__Given entries__:
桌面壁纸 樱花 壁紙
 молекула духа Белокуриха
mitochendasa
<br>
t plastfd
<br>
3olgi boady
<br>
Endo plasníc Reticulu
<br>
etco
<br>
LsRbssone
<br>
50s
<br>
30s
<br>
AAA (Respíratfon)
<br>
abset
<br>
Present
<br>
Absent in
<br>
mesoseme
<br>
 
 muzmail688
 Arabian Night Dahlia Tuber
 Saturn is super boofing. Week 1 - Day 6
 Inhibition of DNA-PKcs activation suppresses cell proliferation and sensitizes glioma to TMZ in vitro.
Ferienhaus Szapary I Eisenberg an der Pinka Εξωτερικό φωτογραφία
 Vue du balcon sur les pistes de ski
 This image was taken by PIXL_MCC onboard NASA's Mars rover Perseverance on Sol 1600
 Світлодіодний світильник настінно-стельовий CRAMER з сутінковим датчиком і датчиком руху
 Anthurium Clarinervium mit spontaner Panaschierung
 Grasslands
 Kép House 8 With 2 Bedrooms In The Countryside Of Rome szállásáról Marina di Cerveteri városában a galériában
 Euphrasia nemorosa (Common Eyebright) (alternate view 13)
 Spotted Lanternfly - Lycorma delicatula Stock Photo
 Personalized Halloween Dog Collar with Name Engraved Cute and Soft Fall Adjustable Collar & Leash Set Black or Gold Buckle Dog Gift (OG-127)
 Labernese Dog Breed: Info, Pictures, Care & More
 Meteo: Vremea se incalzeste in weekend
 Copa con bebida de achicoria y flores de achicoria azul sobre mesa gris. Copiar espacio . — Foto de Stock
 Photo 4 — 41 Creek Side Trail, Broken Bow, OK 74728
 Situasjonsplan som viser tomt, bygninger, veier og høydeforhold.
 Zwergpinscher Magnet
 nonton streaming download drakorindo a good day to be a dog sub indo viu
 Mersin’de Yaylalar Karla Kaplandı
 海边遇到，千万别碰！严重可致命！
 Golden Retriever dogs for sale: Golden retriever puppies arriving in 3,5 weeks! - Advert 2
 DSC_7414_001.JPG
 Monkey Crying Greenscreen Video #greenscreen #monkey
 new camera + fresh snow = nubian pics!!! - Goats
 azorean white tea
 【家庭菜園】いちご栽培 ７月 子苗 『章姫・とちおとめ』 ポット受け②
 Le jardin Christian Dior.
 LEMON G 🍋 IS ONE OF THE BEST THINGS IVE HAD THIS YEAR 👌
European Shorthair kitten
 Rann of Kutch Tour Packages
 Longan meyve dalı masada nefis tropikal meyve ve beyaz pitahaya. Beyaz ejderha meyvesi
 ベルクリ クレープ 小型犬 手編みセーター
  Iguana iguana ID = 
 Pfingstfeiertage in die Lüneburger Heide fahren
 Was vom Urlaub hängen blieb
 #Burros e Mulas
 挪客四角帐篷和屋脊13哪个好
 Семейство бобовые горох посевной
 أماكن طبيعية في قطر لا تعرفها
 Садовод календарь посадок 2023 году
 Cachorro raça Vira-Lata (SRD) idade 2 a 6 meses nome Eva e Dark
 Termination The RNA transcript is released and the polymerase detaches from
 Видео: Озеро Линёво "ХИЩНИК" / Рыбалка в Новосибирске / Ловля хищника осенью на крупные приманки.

__Problem requirements__: Please print out every entry again, exactly as it reads.

__Reply to the task__:
桌面壁纸 樱花 壁紙
 молекула духа Белокуриха
mitochendasa
<br>
t plastfd
<br>
3olgi boady
<br>
Endo plasníc Reticulu
<br>
etco
<br>
LsRbssone
<br>
50s
<br>
30s
<br>
AAA (Respíratfon)
<br>
abset
<br>
Present
<br>
Absent in
<br>
mesoseme
<br>
 
 muzmail688
 Arabian Night Dahlia Tuber
 Saturn is super boofing. Week 1 - Day 6
 Inhibition of DNA-PKcs activation suppresses cell proliferation and sensitizes glioma to TMZ in vitro.
Ferienhaus Szapary I Eisenberg an der Pinka Εξωτερικό φωτογραφία
 Vue du balcon sur les pistes de ski
 This image was taken by PIXL_MCC onboard NASA's Mars rover Perseverance on Sol 1600
 Світлодіодний світильник настінно-стельовий CRAMER з сутінковим датчиком і датчиком руху
 Anthurium Clarinervium mit spontaner Panaschierung
 Grasslands
 Kép House 8 With 2 Bedrooms In The Countryside Of Rome szállásáról Marina di Cerveteri városában a galériában
 Euphrasia nemorosa (Common Eyebright) (alternate view 13)
 Spotted Lanternfly - Lycorma delicatula Stock Photo
 Personalized Halloween Dog Collar with Name Engraved Cute and Soft Fall Adjustable Collar & Leash Set Black or Gold Buckle Dog Gift (OG-127)
 Labernese Dog Breed: Info, Pictures, Care & More
 Meteo: Vremea se incalzeste in weekend
 Copa con bebida de achicoria y flores de achicoria azul sobre mesa gris. Copiar espacio . — Foto de Stock
 Photo 4 — 41 Creek Side Trail, Broken Bow, OK 74728
 Situasjonsplan som viser tomt, bygninger, veier og høydeforhold.
 Zwergpinscher Magnet
 nonton streaming download drakorindo a good day to be a dog sub indo viu
 Mersin’de Yaylalar Karla Kaplandı
 海边遇到，千万别碰！严重可致命！
 Golden Retriever dogs for sale: Golden retriever puppies arriving in 3,5 weeks! - Advert 2
 DSC_7414_001.JPG
 Monkey Crying Greenscreen Video #greenscreen #monkey
 new camera + fresh snow = nubian pics!!! - Goats
 azorean white tea
 【家庭菜園】いちご栽培 ７月 子苗 『章姫・とちおとめ』 ポット受け②
 Le jardin Christian Dior.
 LEMON G 🍋 IS ONE OF THE BEST THINGS IVE HAD THIS YEAR 👌
European Shorthair kitten
 Rann of Kutch Tour Packages
 Longan meyve dalı masada nefis tropikal meyve ve beyaz pitahaya. Beyaz ejderha meyvesi
 ベルクリ クレープ 小型犬 手編みセーター
  Iguana iguana ID = 
 Pfingstfeiertage in die Lüneburger Heide fahren
 Was vom Urlaub hängen blieb
 #Burros e Mulas
 挪客四角帐篷和屋脊13哪个好
 Семейство бобовые горох посевной
 أماكن طبيعية في قطر لا تعرفها
 Садовод календарь посадок 2023 году
 Cachorro raça Vira-Lata (SRD) idade 2 a 6 meses nome Eva e Dark
 Termination The RNA transcript is released and the polymerase detaches from
 Видео: Озеро Линёво "ХИЩНИК" / Рыбалка в Новосибирске / Ловля хищника осенью на крупные приманки.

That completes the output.